ASTEX: An automatic speculative thread extraction technique for hybrid multicore architectures

http://www.irisa.fr/caps/projects/Astex

 

Astex is at Supercomputing 07, Have a demo on Inria booth 2433

download this page

ASTEX[1] is a prototype tool to partition C codes between general purpose cores and hardware accelerators (GPU, FPGA, coprocessor, ...). The input of the tool is a runable application. Using runtime data, ASTEX extracts part of the code and provides speculative information on data structure accesses.
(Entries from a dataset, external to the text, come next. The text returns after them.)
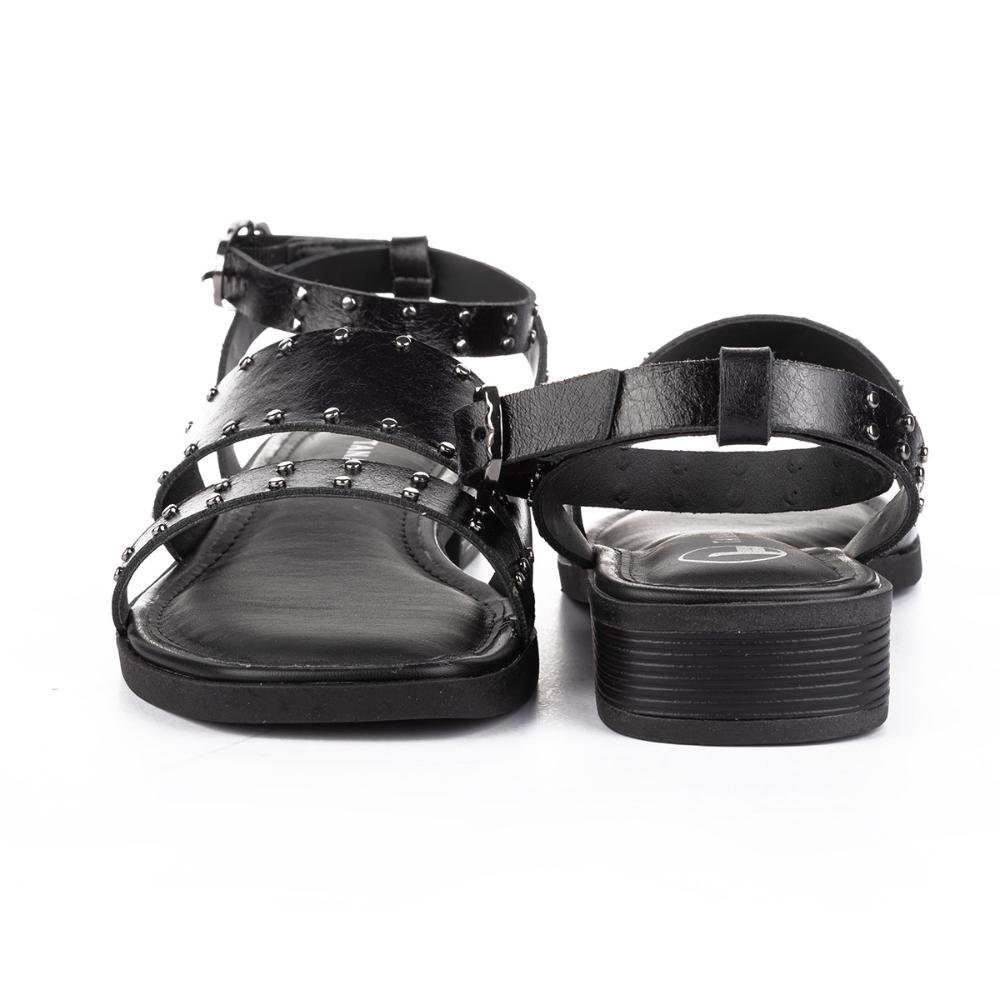 Sandália Tanara Em Couro de Salto Baixo T8693 Preto 4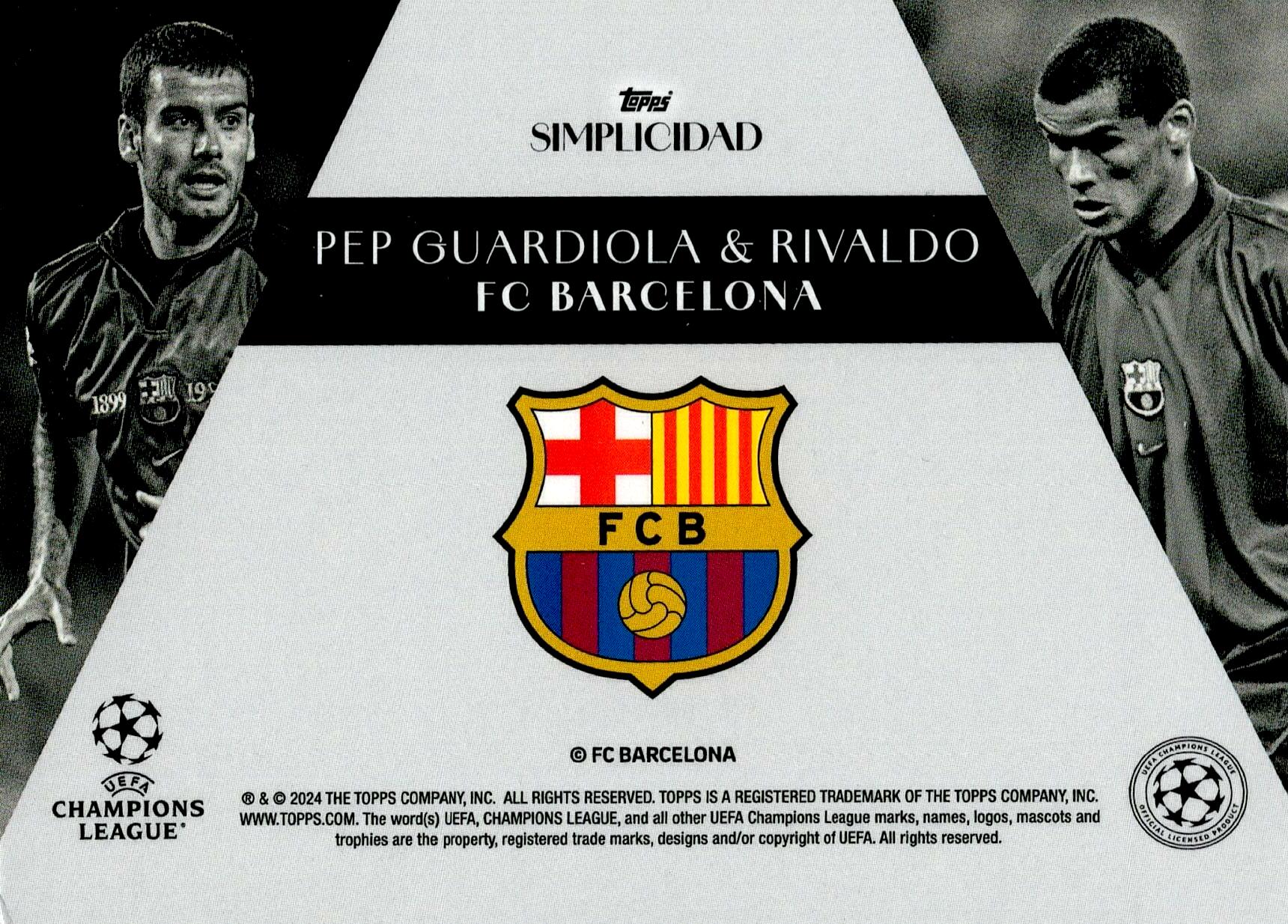 TOPPS SIMPLICIDAD 2023/2024 PEP GUARDIOLA Y RIVALDO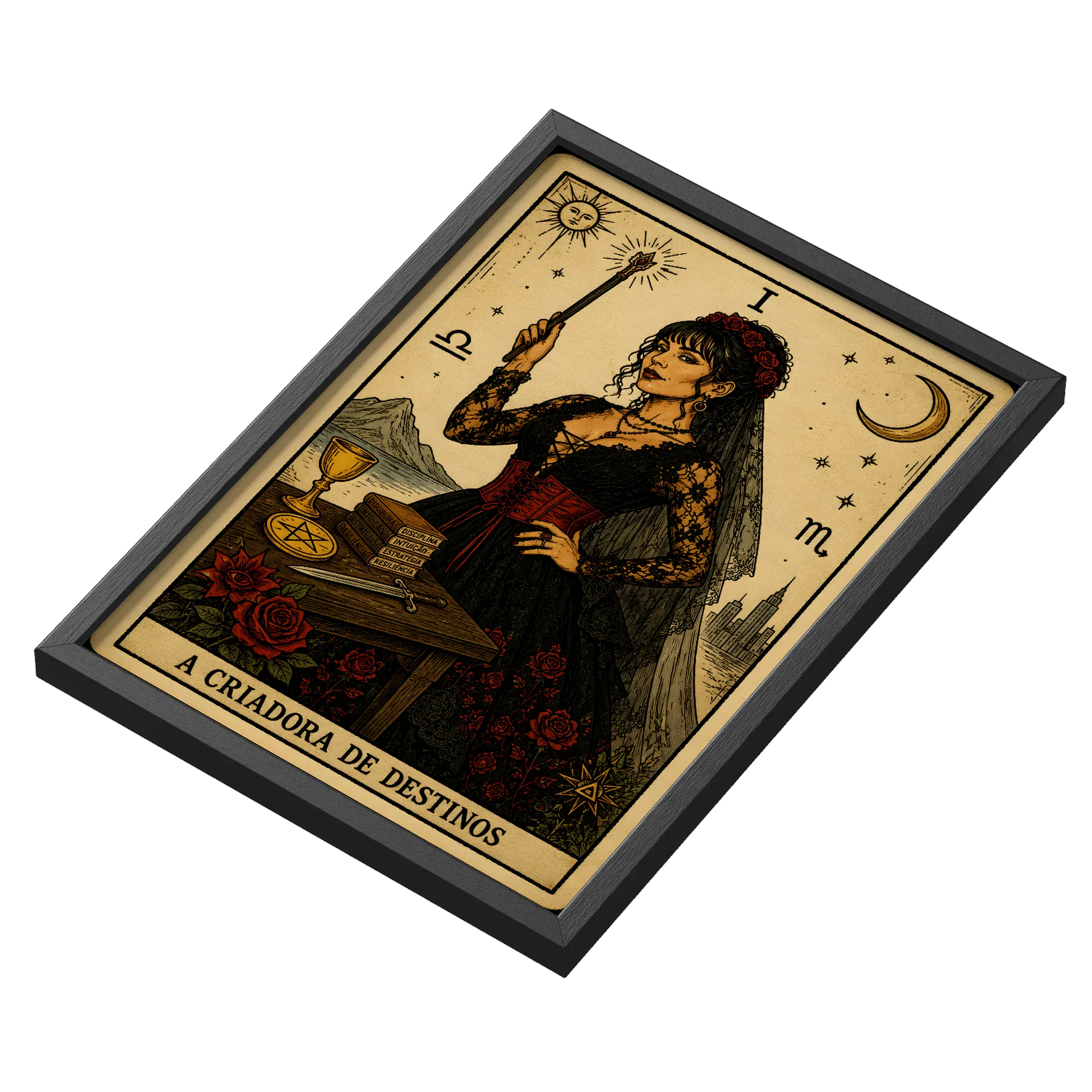 Quadro Tarot A Criadora de Destinos A3 MDF e Vidro - Imagem 3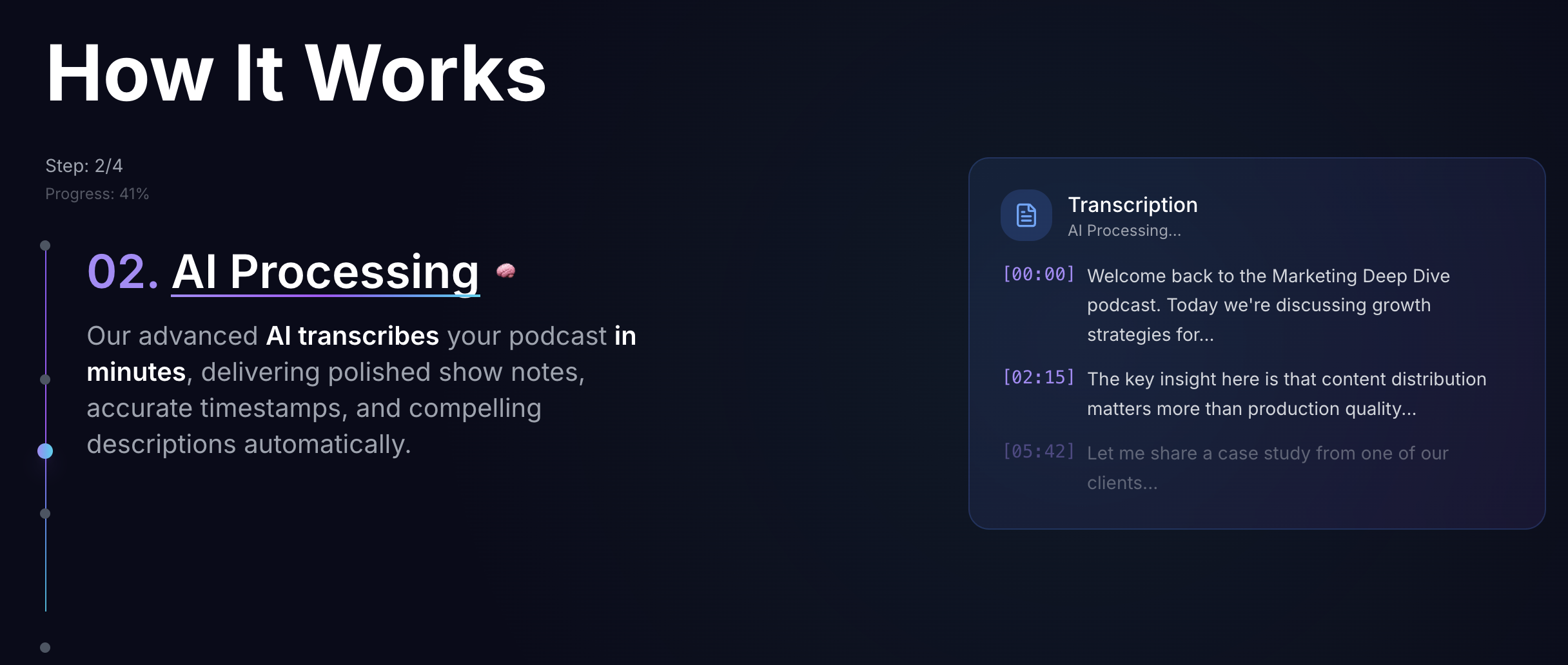 PodSummarize - Screenshot 3 showing product features and functionality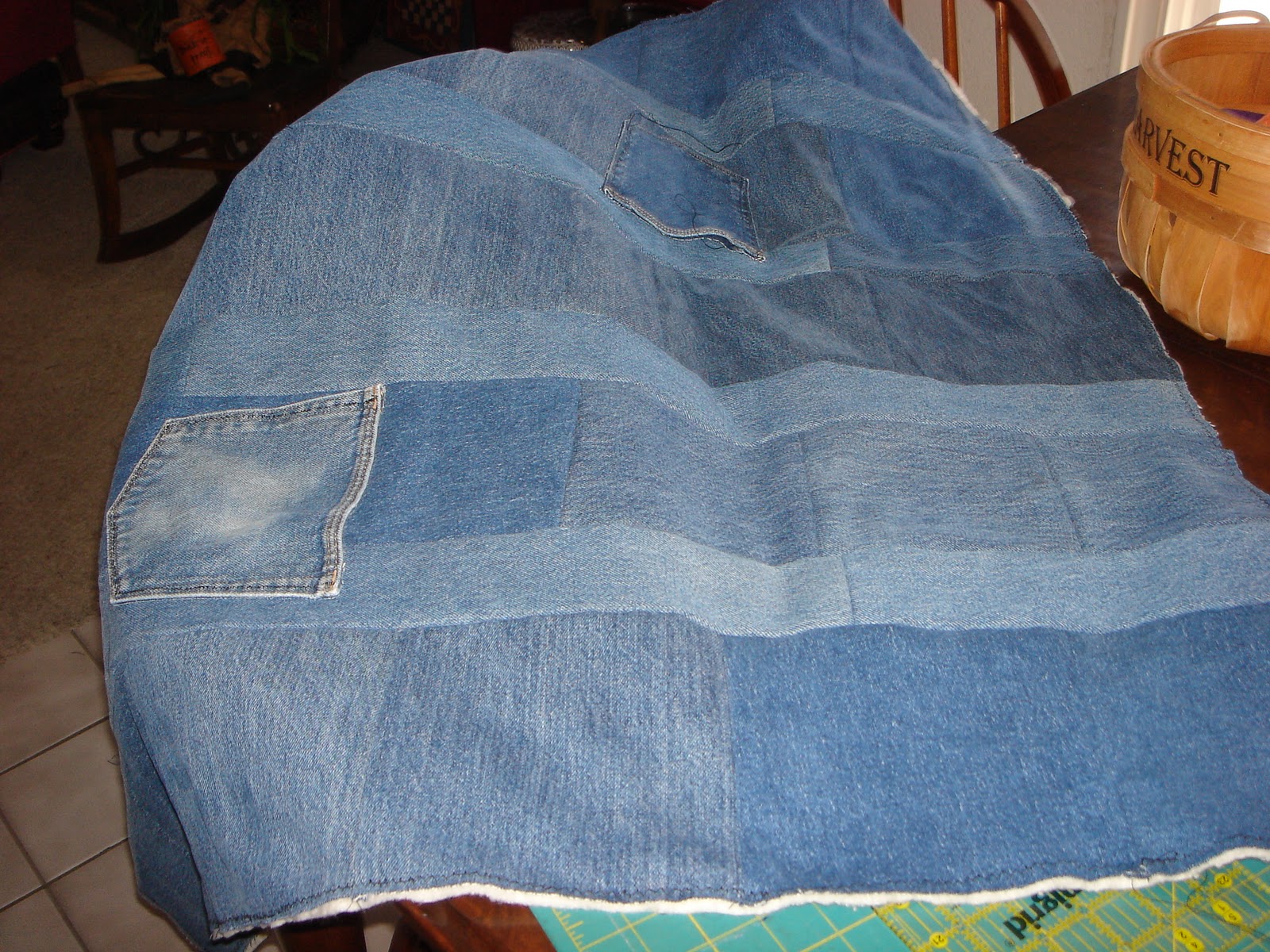 Our Creative Hands Blog Recycled Jeans handmade into Lap size Quilt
HMPPTM directives[2] are used to express the partitioning in the application code. The code to be executed on the hardware accelerator is set up as HMPPTM codelets. A codelet is a compute intensive function with well-defined inputs and outputs. ASTEX works in three steps: the first collects hot paths in the application, the second analyzes at run-time the memory accesses, the last step builds the codelets.

 

Hot paths collection
The hotpaths found[3] are used to determine part of the code that can potentially be transformed as codelets. This step tries to find a set of potential codelets that covers most of the execution time of the application. Current implementation uses basic block frequencies stored in a compress trace.

 

Memory access runtime analysis
This dynamic phase collects data size, aliases and data structure accesses for each potential codelets.
The memory analysis provides speculative information that can then be used at the codelet level to determine data transfers between the main computing units and the accelerators. These information can be used to guard the use of the codelet. For instance, the hardware accelerator can be activated only if the data size is large enough to get speedup.

 

HMPP(TM) codelet construction
This static step transforms the application to explicitly insert the codelets into the application code. Hot paths are converted into functions and HMPPTM directives are added. The HMPP directives are used to express in and out parameters as well as other conditions to be verified at run-time.

 

References
[1] E. Petit and F. Bodin. “Extracting Threads Using Traces for System on a Chip”. In the proceedings of the Compilers for Parallel Computers (CPC 2006), A Coruna, Spain, January 2006.
[2] R. Dolbeau, S. Bihan and F. Bodin. “HMPP: A Hybrid Multi-core Parallel Programming Environment”. In the proceedings of the Workshop on General Purpose Processing on Graphics Processing Units (GPGPU 2007), Boston, Massachussets, USA, October 4th, 2007.
[3] G. Pokam and F. Bodin. “An Offline Approach for Whole-Program Paths Analysis using Suffix Arrays”. In the proceedings of the 17th International Workshop on Languages and Compilers for Parallel Computing (LCPC 2004), West Lafayette, Indiana, USA, September 2004.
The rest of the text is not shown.